The majority of today’s consumers have learned to tune out unwanted marketing messages. They are savvy enough to find ways to block out the “noise,” whether it be tweets, Facebook posts or email blasts, and pay attention to the content only from brands and companies they care about.

As a business owner, how do you know when your sharing becomes too much? How do you truly captivate your audience’s attention, to the point where they long to hear what you’ll say next?

One possible solution is to establish a content schedule. For example, rather than spurting off five tweets in a row, spread that information out over the course of a day or week.

When you share content, make sure it’s relevant to your business. Nothing bugs me more than when brands attempt to capitalize on current events – or “news hack.” It, however, can be done tastefully. Google “Oreo Super Bowl ad,” and you’ll see what I mean.

The content you produce also should be of good quality. I’m talking no spelling errors, writing messages with a personal voice, attention-grabbing graphics and quality offers that make your customers feel like they really got a great deal by following you on Facebook, Twitter or the like.

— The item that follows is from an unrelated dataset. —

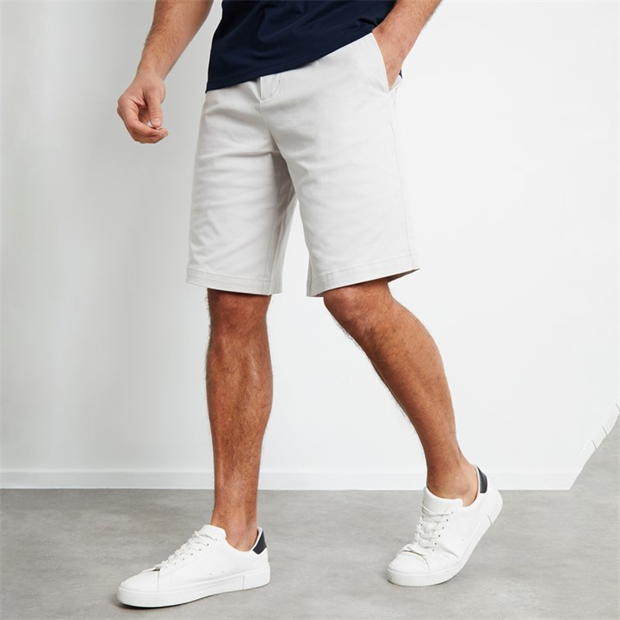 Threadbare Longer Length Cotton Twill Chino Shorts With Stret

Do not join every social media site. Just because you can doesn’t mean you should. Go to where your customers are and spare yourself the frustration of updating your status on eight accounts every time you share something.

The most effective way to hold your audience’s interest, however, is to offer a product or service that simply can’t be matched. If you sell doughnuts, make your doughnuts the tastiest or most interesting doughnuts in town.

Seth Godin, author of “Purple Cow,” said it best when he urged that, “The key to success in business is to find a way to stand out.” He talks about a person’s “otaku” – a Japanese word for obsessive interest. After customers have found their otaku, they will stop at nothing to have it, and they will not accept inferior alternatives.

Consider the words of Godin and be selective in the content you share. The key is to make sure that it’s not only timely and informative but also beneficial to the customer and helps meet your business objective.